* [TASK DESCRIPTION] Could you find every line in the records below that contains the word "with" and copy it?
======== MATERIAL SHOWN
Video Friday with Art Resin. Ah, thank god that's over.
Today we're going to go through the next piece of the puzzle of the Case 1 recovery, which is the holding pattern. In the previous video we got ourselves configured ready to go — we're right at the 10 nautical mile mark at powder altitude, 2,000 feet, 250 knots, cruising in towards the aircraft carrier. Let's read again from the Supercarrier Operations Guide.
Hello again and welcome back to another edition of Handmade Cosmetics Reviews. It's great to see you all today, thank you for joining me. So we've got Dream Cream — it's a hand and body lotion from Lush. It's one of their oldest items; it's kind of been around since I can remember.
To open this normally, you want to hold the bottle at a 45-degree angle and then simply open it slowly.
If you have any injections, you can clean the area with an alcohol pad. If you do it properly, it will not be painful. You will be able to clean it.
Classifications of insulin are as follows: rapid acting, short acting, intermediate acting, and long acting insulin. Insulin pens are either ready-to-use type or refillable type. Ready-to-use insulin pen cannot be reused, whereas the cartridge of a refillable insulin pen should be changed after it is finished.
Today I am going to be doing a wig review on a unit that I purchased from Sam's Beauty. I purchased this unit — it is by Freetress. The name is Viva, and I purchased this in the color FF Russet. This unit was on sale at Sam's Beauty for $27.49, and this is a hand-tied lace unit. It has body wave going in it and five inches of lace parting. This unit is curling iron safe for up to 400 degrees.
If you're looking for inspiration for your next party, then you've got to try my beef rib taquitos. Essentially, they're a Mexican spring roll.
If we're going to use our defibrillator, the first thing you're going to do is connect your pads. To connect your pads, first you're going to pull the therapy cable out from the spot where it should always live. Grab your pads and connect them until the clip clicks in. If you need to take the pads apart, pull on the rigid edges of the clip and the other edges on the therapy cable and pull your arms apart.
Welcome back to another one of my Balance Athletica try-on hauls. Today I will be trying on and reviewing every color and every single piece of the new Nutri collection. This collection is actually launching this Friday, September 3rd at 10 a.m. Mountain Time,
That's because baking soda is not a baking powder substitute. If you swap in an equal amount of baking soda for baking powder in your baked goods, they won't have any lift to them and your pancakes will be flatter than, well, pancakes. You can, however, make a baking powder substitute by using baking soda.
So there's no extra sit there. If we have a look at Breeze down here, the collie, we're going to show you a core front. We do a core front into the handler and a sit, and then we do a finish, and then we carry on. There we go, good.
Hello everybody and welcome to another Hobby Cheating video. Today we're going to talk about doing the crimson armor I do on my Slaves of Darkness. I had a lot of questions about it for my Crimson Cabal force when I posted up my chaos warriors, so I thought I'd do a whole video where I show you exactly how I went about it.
================
* [ANSWER TO THE PROBLEM]
Video Friday with Art Resin. Ah, thank god that's over.
If you have any injections, you can clean the area with an alcohol pad. If you do it properly, it will not be painful. You will be able to clean it.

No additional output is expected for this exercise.